[Source data]

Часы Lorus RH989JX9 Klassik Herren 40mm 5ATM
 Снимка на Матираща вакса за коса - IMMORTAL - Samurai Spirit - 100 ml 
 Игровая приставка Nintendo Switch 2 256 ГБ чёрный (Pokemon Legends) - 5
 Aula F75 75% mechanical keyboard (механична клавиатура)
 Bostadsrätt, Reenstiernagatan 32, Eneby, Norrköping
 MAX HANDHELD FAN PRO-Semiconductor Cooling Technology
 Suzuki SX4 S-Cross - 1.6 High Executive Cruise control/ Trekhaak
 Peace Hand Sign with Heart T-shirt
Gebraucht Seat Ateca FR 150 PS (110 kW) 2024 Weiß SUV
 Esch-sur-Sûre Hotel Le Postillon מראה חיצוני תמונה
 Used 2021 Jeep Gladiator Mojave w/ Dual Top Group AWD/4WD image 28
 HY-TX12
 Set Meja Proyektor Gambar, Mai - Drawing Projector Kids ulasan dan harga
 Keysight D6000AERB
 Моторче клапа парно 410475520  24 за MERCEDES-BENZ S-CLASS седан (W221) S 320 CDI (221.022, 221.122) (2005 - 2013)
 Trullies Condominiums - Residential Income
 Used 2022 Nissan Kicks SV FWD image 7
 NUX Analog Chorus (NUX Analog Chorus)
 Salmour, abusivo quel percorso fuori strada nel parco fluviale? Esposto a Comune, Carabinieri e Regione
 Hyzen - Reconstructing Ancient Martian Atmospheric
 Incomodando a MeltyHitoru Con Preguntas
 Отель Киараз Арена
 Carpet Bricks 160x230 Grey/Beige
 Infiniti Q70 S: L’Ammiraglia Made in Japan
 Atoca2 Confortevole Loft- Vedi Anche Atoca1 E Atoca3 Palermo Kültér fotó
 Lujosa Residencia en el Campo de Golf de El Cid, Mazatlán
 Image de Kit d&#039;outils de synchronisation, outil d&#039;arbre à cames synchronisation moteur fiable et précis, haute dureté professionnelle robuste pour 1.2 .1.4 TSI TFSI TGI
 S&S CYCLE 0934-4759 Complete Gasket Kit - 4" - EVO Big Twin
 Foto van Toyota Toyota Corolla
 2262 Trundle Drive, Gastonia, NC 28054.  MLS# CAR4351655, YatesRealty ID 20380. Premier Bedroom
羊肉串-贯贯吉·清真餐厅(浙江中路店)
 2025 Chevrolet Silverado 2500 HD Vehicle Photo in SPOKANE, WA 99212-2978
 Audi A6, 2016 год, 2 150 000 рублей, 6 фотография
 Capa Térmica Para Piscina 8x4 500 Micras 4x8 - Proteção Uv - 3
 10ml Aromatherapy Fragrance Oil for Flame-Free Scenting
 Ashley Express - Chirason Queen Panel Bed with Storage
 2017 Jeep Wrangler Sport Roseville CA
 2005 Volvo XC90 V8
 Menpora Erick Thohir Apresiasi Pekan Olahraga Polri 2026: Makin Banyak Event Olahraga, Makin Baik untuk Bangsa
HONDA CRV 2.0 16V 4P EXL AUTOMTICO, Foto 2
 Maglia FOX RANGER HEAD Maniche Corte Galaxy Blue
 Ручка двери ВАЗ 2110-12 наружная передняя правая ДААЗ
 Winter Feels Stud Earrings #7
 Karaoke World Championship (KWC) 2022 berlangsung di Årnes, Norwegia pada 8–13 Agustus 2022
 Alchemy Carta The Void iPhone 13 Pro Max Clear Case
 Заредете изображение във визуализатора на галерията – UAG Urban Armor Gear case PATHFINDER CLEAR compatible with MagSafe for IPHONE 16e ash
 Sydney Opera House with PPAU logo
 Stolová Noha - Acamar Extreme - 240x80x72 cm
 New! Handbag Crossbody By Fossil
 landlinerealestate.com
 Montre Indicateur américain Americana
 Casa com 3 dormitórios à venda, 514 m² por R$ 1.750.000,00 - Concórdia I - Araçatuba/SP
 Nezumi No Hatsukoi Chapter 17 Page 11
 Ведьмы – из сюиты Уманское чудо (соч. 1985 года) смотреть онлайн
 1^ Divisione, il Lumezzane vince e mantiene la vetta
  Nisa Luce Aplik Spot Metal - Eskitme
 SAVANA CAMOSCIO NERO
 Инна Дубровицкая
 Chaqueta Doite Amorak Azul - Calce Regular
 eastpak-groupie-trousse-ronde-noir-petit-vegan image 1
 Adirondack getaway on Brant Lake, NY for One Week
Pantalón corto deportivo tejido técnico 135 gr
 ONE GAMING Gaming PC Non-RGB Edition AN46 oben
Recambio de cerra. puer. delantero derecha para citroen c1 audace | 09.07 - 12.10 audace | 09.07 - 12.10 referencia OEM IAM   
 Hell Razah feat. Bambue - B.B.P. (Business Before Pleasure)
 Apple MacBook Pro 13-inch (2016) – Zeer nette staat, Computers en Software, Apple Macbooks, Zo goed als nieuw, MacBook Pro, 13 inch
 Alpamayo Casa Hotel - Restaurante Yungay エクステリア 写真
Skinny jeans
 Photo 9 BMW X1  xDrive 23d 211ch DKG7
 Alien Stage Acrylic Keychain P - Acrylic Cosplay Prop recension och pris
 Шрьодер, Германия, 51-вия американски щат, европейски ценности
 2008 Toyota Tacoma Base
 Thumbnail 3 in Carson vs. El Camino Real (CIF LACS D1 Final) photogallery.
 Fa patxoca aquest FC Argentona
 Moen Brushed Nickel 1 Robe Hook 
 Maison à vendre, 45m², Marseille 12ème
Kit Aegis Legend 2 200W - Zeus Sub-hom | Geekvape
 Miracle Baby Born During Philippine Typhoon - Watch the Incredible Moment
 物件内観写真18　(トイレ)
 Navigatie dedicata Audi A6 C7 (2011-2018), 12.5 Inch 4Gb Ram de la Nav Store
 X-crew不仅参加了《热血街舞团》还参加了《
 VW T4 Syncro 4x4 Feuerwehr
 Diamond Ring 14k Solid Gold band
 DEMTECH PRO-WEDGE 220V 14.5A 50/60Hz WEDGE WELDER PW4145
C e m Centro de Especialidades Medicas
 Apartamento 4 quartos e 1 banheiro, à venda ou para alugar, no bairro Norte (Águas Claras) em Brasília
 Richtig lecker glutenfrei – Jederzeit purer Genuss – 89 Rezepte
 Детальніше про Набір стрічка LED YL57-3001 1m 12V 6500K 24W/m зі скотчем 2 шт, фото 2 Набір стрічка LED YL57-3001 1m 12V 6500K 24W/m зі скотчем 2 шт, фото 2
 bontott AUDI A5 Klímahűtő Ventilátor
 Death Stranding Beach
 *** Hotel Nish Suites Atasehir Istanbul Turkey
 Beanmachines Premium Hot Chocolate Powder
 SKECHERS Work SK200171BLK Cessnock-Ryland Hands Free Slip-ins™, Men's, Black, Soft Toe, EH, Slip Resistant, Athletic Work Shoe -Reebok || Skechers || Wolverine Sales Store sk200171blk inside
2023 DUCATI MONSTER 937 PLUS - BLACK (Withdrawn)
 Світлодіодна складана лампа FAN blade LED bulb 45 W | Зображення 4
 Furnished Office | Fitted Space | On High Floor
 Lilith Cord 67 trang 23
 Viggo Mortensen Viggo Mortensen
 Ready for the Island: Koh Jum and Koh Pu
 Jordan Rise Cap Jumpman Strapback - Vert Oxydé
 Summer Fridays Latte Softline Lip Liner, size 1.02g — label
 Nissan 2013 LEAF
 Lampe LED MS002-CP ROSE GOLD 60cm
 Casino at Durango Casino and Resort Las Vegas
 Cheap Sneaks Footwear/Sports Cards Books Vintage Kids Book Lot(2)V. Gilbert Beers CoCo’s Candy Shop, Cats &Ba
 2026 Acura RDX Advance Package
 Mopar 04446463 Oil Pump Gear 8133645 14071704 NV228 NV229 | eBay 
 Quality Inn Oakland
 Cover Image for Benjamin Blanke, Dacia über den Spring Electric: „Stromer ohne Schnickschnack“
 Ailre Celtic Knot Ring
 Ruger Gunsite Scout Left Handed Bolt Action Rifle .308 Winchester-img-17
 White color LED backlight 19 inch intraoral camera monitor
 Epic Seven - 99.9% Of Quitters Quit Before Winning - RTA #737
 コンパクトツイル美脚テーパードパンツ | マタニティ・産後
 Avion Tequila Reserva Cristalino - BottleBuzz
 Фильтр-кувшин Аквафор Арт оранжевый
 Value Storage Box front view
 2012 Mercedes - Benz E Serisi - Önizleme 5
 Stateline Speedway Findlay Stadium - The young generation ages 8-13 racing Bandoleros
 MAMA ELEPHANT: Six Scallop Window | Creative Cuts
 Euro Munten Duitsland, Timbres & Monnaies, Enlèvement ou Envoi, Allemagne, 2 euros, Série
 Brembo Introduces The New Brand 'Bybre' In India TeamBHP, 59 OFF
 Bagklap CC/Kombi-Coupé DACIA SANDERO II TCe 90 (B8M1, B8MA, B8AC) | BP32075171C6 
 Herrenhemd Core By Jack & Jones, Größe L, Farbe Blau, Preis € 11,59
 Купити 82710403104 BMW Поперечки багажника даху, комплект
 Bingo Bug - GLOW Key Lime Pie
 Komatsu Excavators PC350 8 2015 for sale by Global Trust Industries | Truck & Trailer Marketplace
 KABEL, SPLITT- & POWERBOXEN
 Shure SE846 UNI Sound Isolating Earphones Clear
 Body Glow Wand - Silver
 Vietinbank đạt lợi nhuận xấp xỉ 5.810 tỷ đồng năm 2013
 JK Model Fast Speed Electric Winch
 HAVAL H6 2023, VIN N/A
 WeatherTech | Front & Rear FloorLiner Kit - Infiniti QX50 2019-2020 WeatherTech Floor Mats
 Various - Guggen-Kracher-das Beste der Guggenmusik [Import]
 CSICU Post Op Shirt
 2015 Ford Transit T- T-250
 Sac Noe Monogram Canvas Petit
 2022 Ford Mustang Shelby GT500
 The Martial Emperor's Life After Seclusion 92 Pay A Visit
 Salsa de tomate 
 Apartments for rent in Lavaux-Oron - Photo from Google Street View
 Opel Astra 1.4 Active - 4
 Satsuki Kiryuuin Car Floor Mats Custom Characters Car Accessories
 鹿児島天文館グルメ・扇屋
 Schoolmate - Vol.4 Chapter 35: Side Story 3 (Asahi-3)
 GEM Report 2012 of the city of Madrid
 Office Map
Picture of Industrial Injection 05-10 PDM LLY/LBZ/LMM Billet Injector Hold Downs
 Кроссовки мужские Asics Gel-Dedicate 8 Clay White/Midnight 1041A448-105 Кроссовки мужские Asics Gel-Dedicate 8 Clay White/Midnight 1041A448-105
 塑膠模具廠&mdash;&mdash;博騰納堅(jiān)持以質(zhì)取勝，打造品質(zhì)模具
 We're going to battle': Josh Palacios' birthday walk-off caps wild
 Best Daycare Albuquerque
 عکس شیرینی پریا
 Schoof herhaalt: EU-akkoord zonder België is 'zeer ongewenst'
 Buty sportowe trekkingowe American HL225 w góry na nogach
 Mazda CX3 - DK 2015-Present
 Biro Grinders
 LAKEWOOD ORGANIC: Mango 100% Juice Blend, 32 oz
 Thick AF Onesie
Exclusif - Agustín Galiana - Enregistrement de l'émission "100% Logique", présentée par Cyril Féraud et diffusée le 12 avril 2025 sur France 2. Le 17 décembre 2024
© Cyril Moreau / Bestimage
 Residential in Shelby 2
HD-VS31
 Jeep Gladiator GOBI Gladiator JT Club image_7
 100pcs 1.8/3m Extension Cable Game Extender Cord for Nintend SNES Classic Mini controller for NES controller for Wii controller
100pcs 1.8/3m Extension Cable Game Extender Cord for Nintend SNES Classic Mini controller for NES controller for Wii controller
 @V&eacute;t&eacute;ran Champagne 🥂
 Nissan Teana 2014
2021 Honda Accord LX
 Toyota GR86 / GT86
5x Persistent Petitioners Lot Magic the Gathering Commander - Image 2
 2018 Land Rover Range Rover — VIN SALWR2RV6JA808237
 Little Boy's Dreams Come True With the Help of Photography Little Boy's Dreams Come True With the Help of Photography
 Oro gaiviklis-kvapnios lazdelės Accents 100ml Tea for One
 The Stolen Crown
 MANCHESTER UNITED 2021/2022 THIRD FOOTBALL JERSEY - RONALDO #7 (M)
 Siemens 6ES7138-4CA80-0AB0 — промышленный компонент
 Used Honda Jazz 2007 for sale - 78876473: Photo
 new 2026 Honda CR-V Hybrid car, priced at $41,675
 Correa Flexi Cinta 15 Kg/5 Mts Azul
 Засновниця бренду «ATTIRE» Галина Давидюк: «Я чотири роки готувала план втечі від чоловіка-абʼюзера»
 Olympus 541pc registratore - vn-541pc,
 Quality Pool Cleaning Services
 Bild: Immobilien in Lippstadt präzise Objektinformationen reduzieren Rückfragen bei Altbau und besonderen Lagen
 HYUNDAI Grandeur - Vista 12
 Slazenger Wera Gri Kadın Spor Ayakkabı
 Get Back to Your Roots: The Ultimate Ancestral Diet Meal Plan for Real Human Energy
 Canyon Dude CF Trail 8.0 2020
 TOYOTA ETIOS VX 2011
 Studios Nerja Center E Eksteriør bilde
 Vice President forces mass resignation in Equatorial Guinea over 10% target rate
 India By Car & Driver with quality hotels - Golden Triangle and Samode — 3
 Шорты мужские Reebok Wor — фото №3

[/Source data]

== Your objective ==
Taking the entries above, restate exactly those lines that fall between the line with "Komatsu Excavators PC350" and the line with "Vietinbank đạt lợi", keeping both of those lines too.

== Answer section ==
 Komatsu Excavators PC350 8 2015 for sale by Global Trust Industries | Truck & Trailer Marketplace
 KABEL, SPLITT- & POWERBOXEN
 Shure SE846 UNI Sound Isolating Earphones Clear
 Body Glow Wand - Silver
 Vietinbank đạt lợi nhuận xấp xỉ 5.810 tỷ đồng năm 2013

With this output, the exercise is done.